Are you unable to open your eyes in the morning without a strong cup of tea or coffee — or several cups? Are you incapable of speaking in a civil tone to your spouse until you return from your morning walk and have your endorphins flowing? Do you ignore the ‘inside world’ of your home and your family members — or merely grunt in acknowledgement of their existence — until you have finished with the newspapers and the outside world? Do you insist that you must bathe before, and not after, breakfast — even if your fluffy omelette is wilting on your plate?

If you nod sheepishly for any of the above, you are well on the way to becoming a creature of habit: Someone who has done the same thing in the same way for so long that you cannot function satisfactorily without those little rituals — and eventually you think that wherever you go, you have to do things ‘just so’.

Most of us do not start out that way. We are determined to keep each day special — and different. We do not want to sink into the rut of routine and we vow that we will never allow everyday habits to get the better of us. We think that we are doing a pretty good job of this until one day we are packing for a long-awaited trip to our dream destination and we find that instead of checking whether we have a lake-facing room or a garden-overlooking one, we are more concerned with whether there is an electric kettle available for our morning ‘cuppa’.

Then, in place of beachwear or skiing jackets — or along with it — we stuff our luggage with a kettle, tea bags, instant coffee, dairy whitener or single-serve packs of evaporated milk ... and we know it is time to question where the spontaneity went. Why do the thrills of sliding down the icy slopes of the Alps or paddling in the clear blue-green waters of the Mediterranean Sea not excite us as much as the thought of that early morning pick-me-up or the mandatory spoon of curd and pickle at the end of a meal?

We shudder to see ourselves turning into our parents or grandparents or our not-so-favourite aunts and uncles who were never content anywhere but in their own homes with everything the way they were accustomed to, and we decide to make the change: Leave old habits behind.

We have heard that if we do something consistently for 21 or 28 or 66 days, it becomes a habit, we can turn around our lifestyles, become the picture of health and so on ... But, since we are already halfway to becoming those quirky parents/aunts/uncles (or already there), will this work for us? We know we cannot come upon a square of chocolate in the fridge and allow 66 seconds to pass without devouring it for instant gratification, so how can we drop old habits and turn around almost compulsive practices in any of those time frames?

On a recent trip to the UAE, however, we found that some habits come easy.

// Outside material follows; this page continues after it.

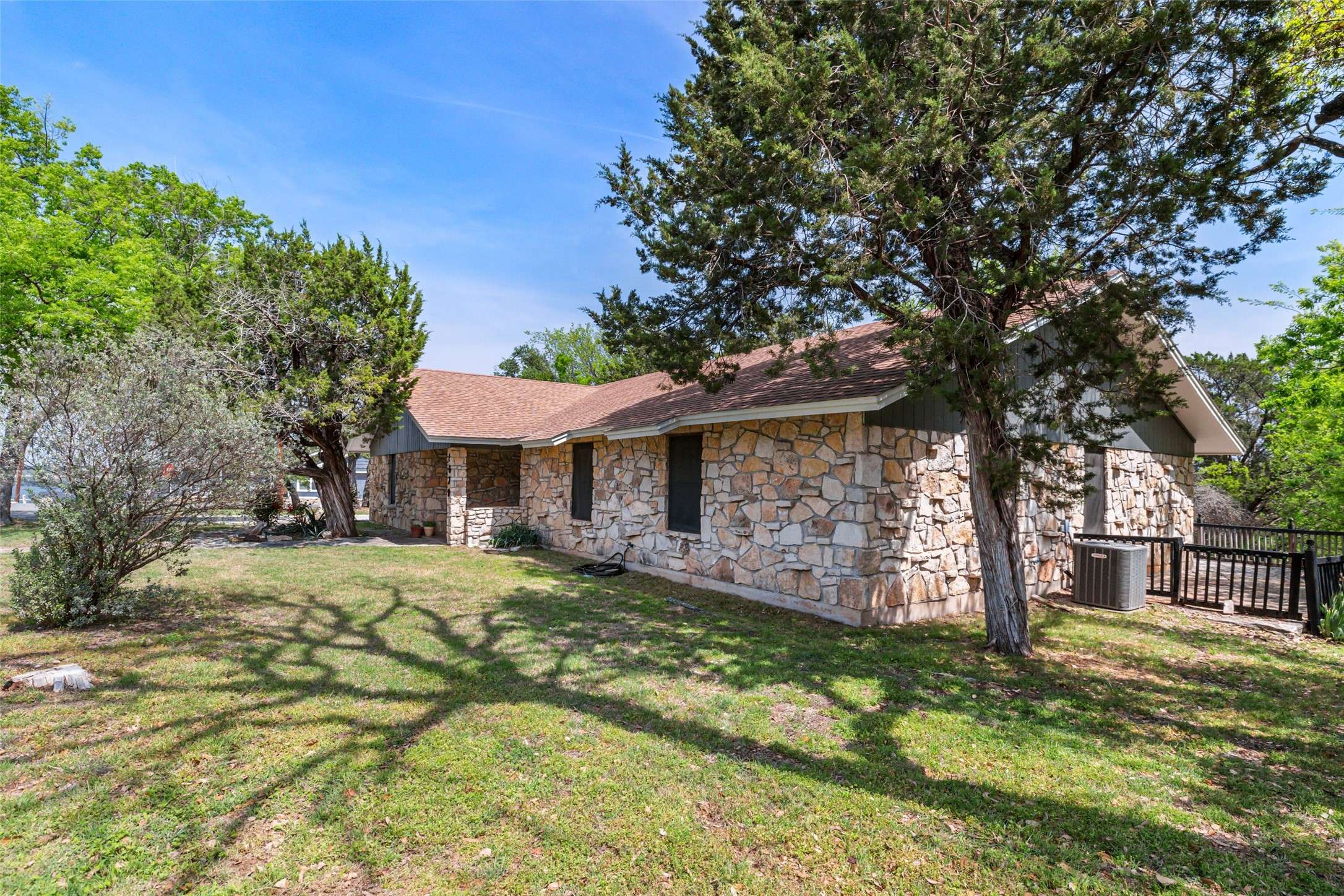 Granbury, TX 76048,1629 S Chisholm TRL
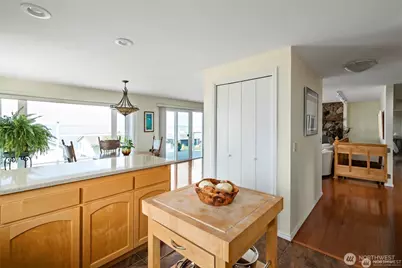 1505 West Beach Road, Oak Harbor, WA 98277 - Photo 9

Within a matter of hours we began to take for granted central air-conditioning and a grime-free environment, hot-and-cold bathwater on demand, ready-made salads, and all the many comforts of living we do not enjoy in our own home in India ... and by the time we returned, 10 days later, our lives had turned around.

Gone was the ‘healthy’ habit of year-round cold-water baths; we found our home-filtered drinking water unpalatable after all those bottles of mineral water; we railed at having to sort and wash and chop vegetables for salads; we avoided sweeping the house daily ...

I guess some creature-comforts are more habit-forming than others, right?

Cheryl Rao is a freelance journalist based in India.